Photo by Markus Winkler 

AI vs. humans: research and intention 

If you’ve been paying attention, you know the pundits believe that the productivity model of the future is a combination of human and AI strengths. As more and more people to find ways to use AI today (even if just as an enhanced Google search), we’re seeing that it is easy for AI to slip into human processes as a newly efficient tool. The harder question comes when AI agents become the decision-makers (circa…2027?). When that happens, humans may still make the big calls, but many of the choices we make today will be delegated to AI. 

So which decisions should stay with humans? The research seems fairly definitive: let AI handle the quantitative and algorithmic work, while humans own the decisions about vision, goals, ethics, and values. In tests of various decision-making combinations, this dual model outperformed both AI-only and human-expert-only decision-making.

Humans focusing on vision, goals, ethics, and values is an interesting way to think about our new place in the world. On the surface, it appears to mean that we get to stay in charge, setting targets and managing boundaries. But it goes deeper than that: the role of humanity going forward is to become the stewards of meaning. 

Meaning looks like answers to questions like these:

  • What world do we want to live in?
  • What and who matters, and how do we demonstrate that?
  • What friction belongs in the system?
  • What outcomes are worth the investment?

And to understand meaning, we have to learn to cultivate, trust, and use our intuition as a tool and skill set.

AI vs. Human Intuition: What is human intuition anyway?

Intuition is a pretty fuzzy concept for a lot of us. It is variously thought of as either completely separate from reality (e.g., psychic abilities) or merely a function of human pattern recognition based on deep, accumulated experience. While I’m not willing to completely dismiss the metaphysical, I am 100% sure about the pattern recognition, but probably not the way most people talk about it. 

The patterns that humans intuitively recognize are not merely mental or analytical, and this is where we get stuck in the AI vs. human debate. Computers are purely analytical in the patterns they can recognize, but humans perceive other kinds of patterns as well: emotional, sensory/physical, cultural/social, interpersonal, and spiritual. 

We find meaning in things that can’t be quantified. We care deeply about why a thing happens, or doesn’t. We GROW and CHANGE. We set qualitative goals, designed to achieve more than measurable outcomes. And most importantly, we find joy and purpose in the process.

I would argue that this isn’t just the way we keep up with and complement machines in the future; this is the point of living. And if we don’t start owning the point of living, we will abdicate it, and the world we build will optimize for what machines care about: efficiency and output at the expense of meaning and joy.

What does intuition in the future of leadership look like?

The problem is that until 2026, our business cultures have become incentivized to optimize for machines’ strengths.

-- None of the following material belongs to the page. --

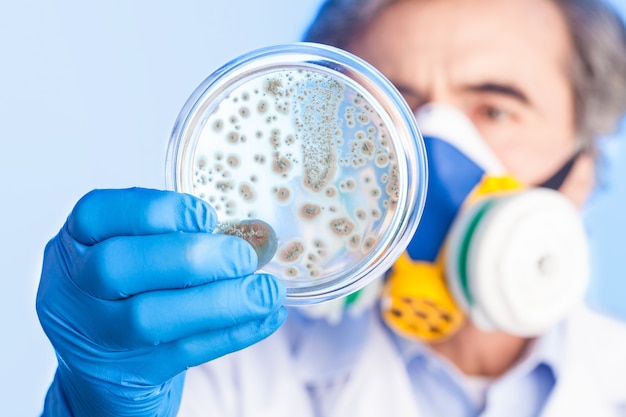 Petri dish in hand of scientist, close-up view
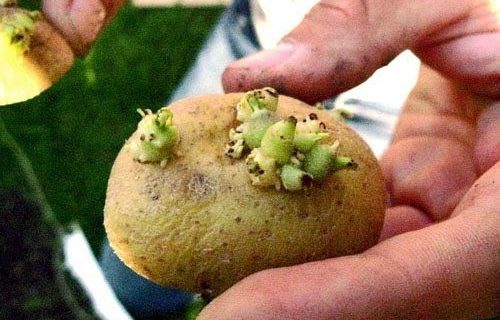 Το κόλπο για να μη βγάζουν φύτρες οι πατάτες σας!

Our economies succeed when productivity is highest and measurable output comes at the lowest calculable cost. We don’t have value models that weigh quality and meaning for their own sake. If we don’t figure out how to economically value meaning, we’ll default to what the machines value instead of what we humans value.

Who might save us? 

The leaders. The leaders who decide what we’re trying to achieve and why. The leaders who decide why we run our organizations the way we do. The leaders who inspire humans to show up and work with the machines to create value of any kind.

What can we do to develop and craft our intuition alongside AI?

Show me the incentive, and I’ll show you the outcome.” ~ Charlie Munger

Many leaders may look at the list above and feel a bit uncomfortable. Most leaders today are incentivized to answer easier questions, the kind that SMART goals conjure up, but when AI-powered machines can do the “left-brain” thinking better than we can, human leaders will have to spend all their effort honing their “right-brain” thinking and feeling skills to answer meaning-based questions. To some extent, this is what leaders have always done, and should be focused on. To a larger extent, we have to acknowledge that many of us go too often to the more measurable goals that are easy to declare victory over. So let’s challenge ourselves in the future to lean into the harder work of leadership that leverages our intuition more fully.

The measure-based questions and answers will soon be usurped by AI, but the meaning-based list will have to come from us. This should be easy. We’re literally built for it. Humans are meaning-making machines.

The human body is gifted with “feelings” that give us data a computer can’t detect or compile. That is the gift of our embodied experience: to integrate experience and rank it by what matters most—to others and to ourselves—drawing on empathy without being fully reliant on it. I’m not just talking about emotions (e.g., happy, sad, angry): I’m talking about subtler things like confusion, discomfort, disillusion,  alignment, fulfillment, and satisfaction. Feelings tell us other things, too, including how much human energy (i.e., mental, physical, emotional, spiritual, relational, social, cultural) the system consumes and for what purpose.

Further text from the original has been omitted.